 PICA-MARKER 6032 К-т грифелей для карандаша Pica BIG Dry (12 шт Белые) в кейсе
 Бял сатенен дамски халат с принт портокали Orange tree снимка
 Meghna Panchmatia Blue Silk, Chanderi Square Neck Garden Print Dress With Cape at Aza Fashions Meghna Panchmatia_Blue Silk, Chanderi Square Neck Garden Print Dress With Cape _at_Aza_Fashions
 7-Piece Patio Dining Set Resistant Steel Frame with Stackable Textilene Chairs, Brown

- - -

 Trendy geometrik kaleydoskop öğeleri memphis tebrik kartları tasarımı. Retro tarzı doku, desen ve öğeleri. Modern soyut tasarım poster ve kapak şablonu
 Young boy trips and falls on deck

- - -

▸ **Work to complete**
From the records above, give again exactly the lines running from the line with "Meghna Panchmatia Blue" to the line with "7-Piece Patio Dining", inclusive.

▸ **Expected answer**
 Meghna Panchmatia Blue Silk, Chanderi Square Neck Garden Print Dress With Cape at Aza Fashions Meghna Panchmatia_Blue Silk, Chanderi Square Neck Garden Print Dress With Cape _at_Aza_Fashions
 7-Piece Patio Dining Set Resistant Steel Frame with Stackable Textilene Chairs, Brown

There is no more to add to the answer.